→ Directions:
Retype the line where "Black GUESS corduroy jacket." appears and each line that follows it down to the last line of the records below. Leave the pictures out.

→ Data records:
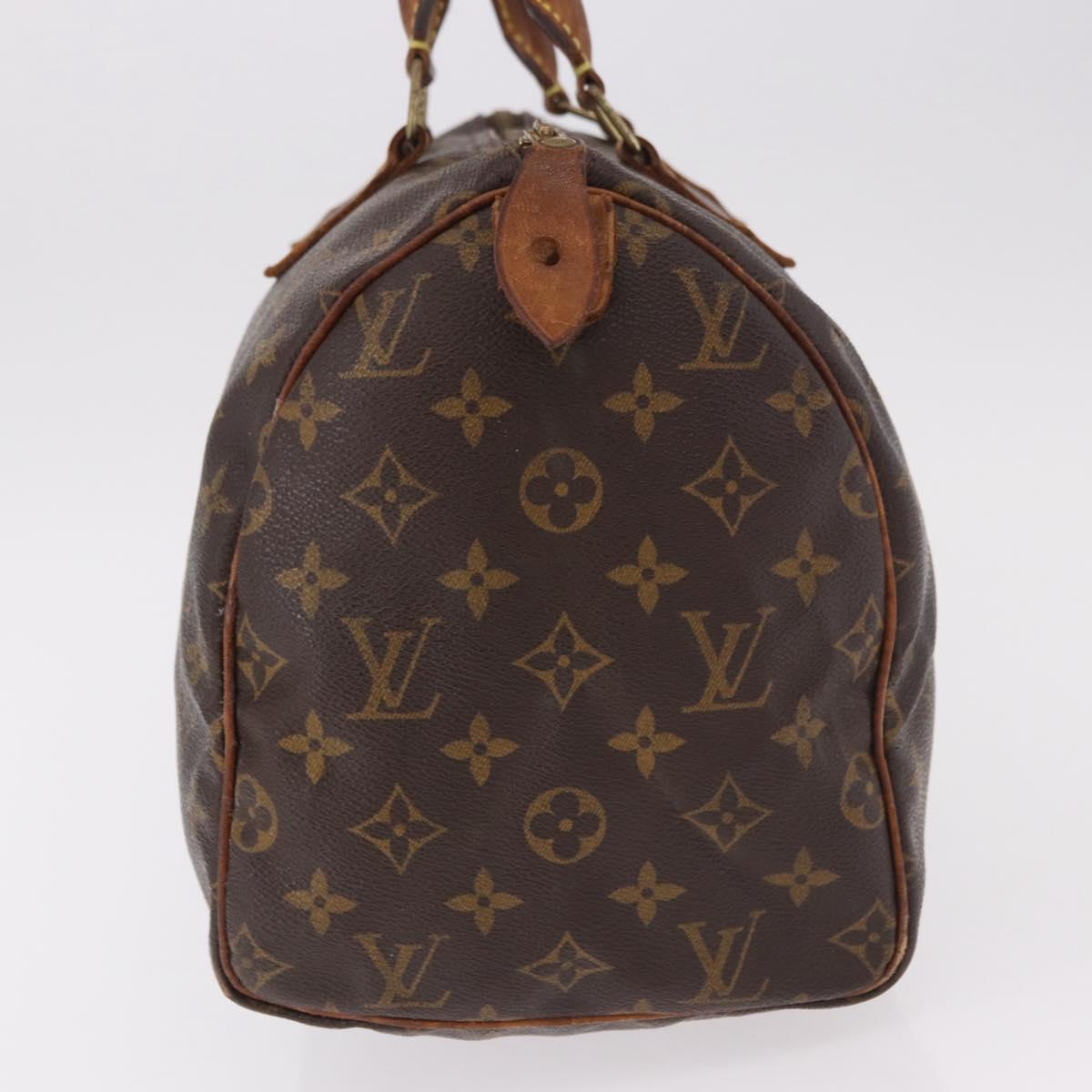 LOUIS VUITTON Monogram Speedy 30 Hand Bag M41526 LV Auth 187790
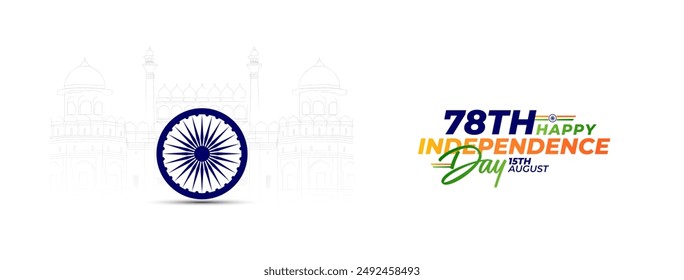 78th Indian Independence Day 15th August Social Media Post, Poster, Banner, Web Banner , Print Design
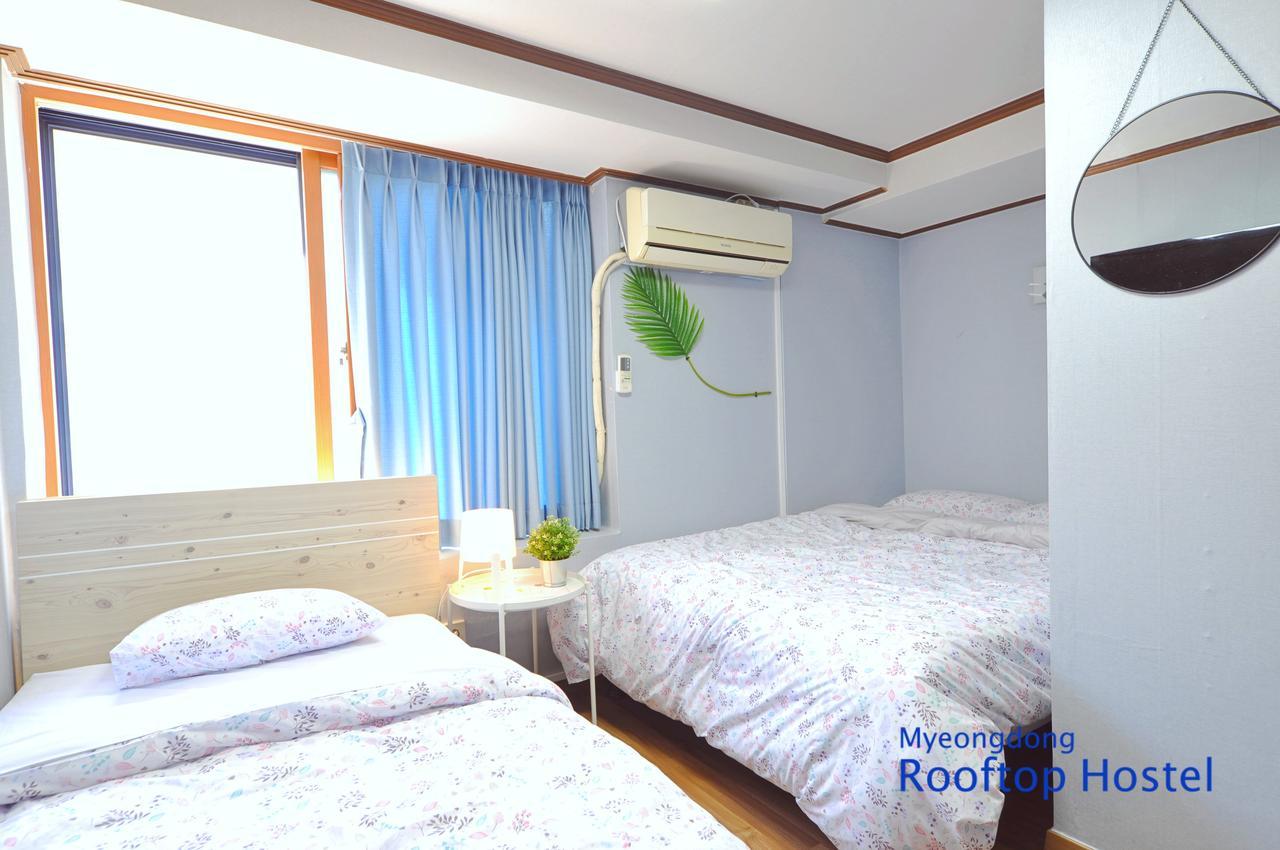 Myeongdong Rooftop Hostel Szöul Kültér fotó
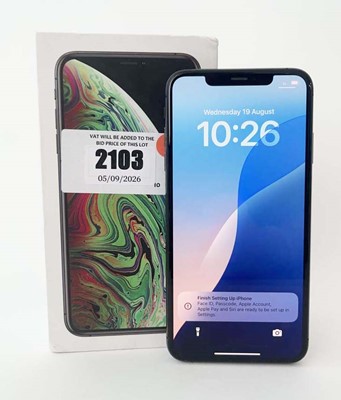 Lot iPhone XS Max 256GB Space Grey with box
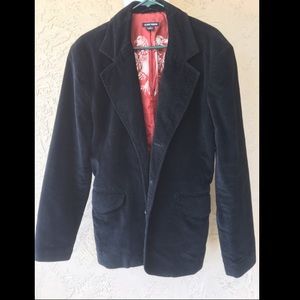 Black GUESS corduroy jacket.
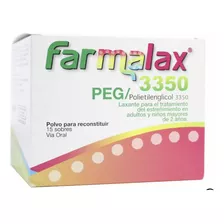 Peg Farmalax 3350 Caja X 15 Sobres Laxan - g a $192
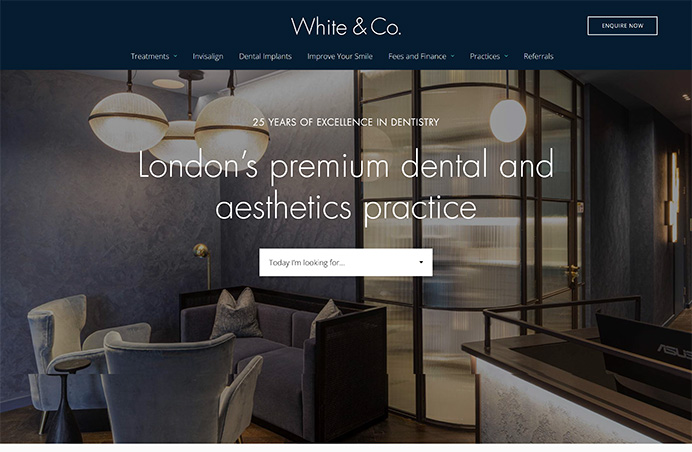 Website design Dental Practice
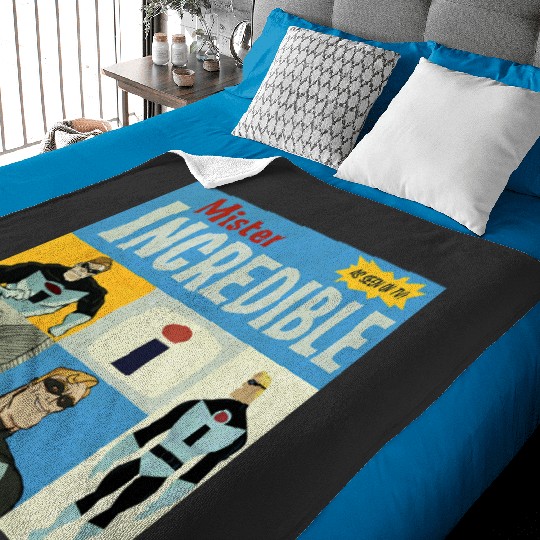 Disney Pixarss The Incredibles As Seen On TV Vintagess Box Up Baby Blankets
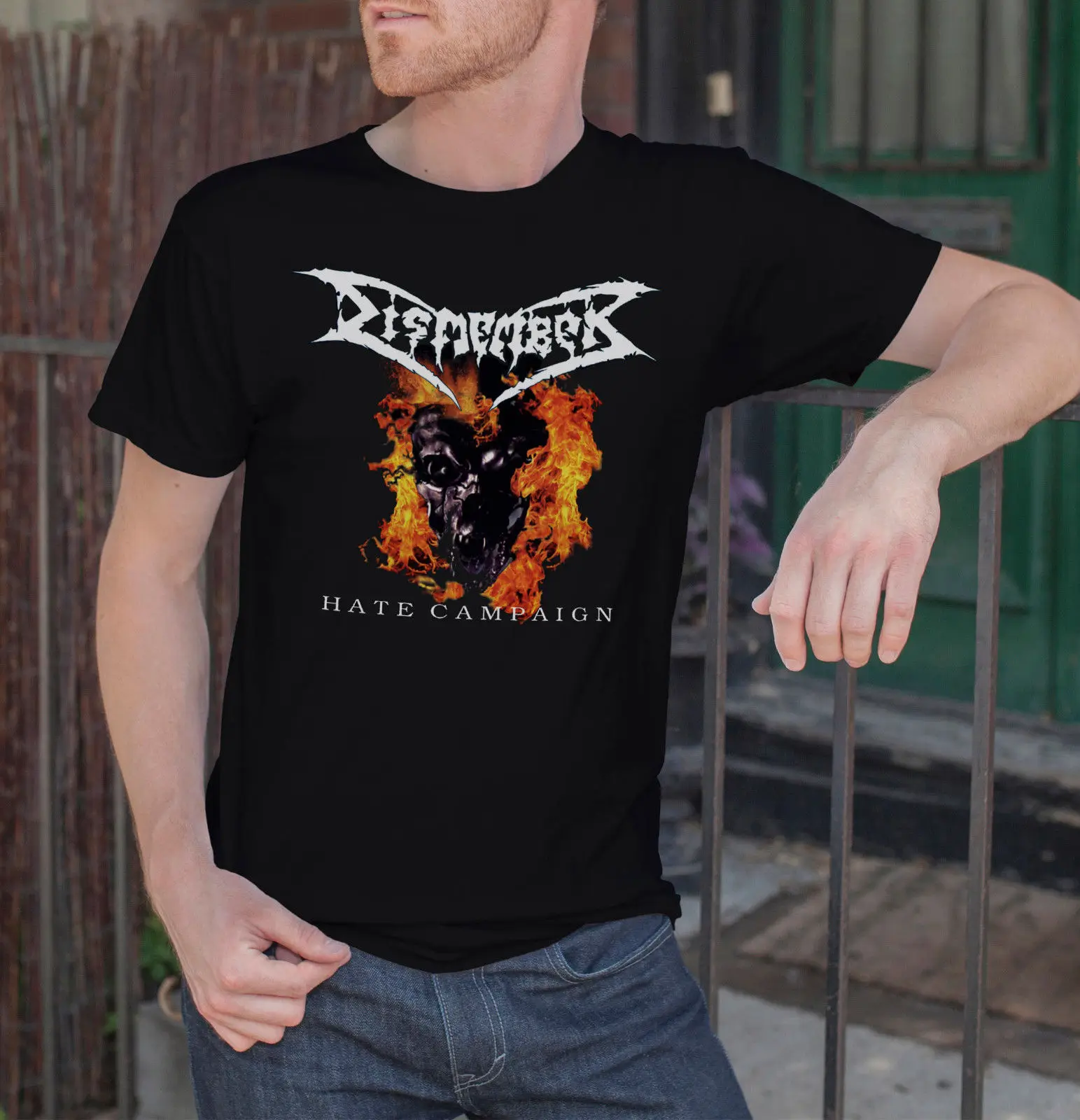Dismember Мужская Черная Футболка Death Metal Band Fan tee shirt Hate Campaign S 3XL 100% хлопок с коротким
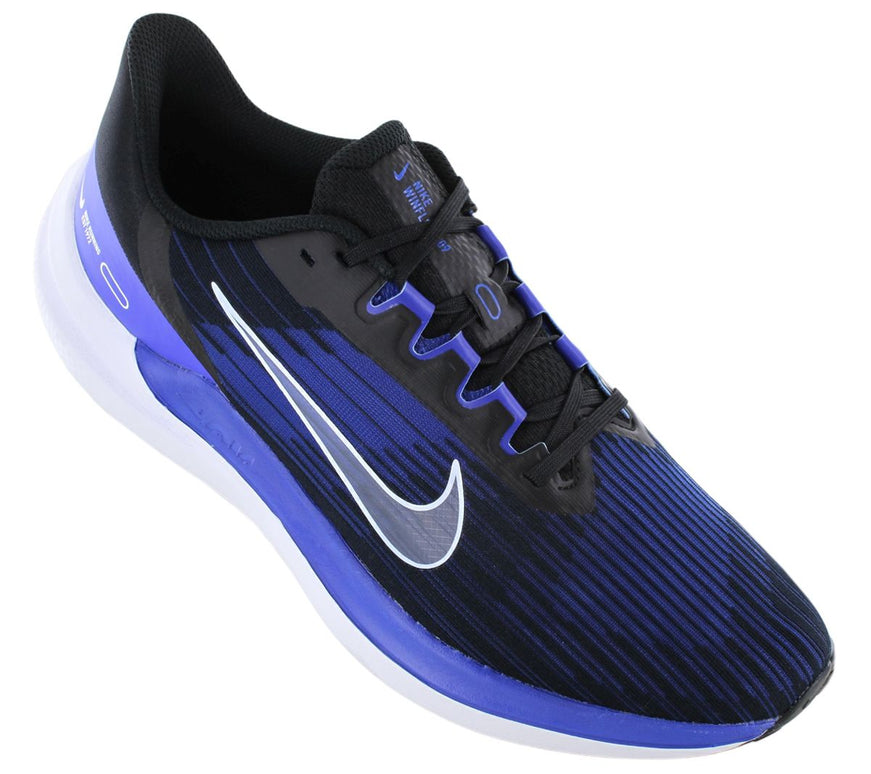 Nike Air Winflo 9 - Scarpe da corsa da uomo Nere-Blu DD6203-004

→ Output:
 Black GUESS corduroy jacket.
 Peg Farmalax 3350 Caja X 15 Sobres Laxan - g a $192
 Website design Dental Practice
 Disney Pixarss The Incredibles As Seen On TV Vintagess Box Up Baby Blankets
Dismember Мужская Черная Футболка Death Metal Band Fan tee shirt Hate Campaign S 3XL 100% хлопок с коротким
 Nike Air Winflo 9 - Scarpe da corsa da uomo Nere-Blu DD6203-004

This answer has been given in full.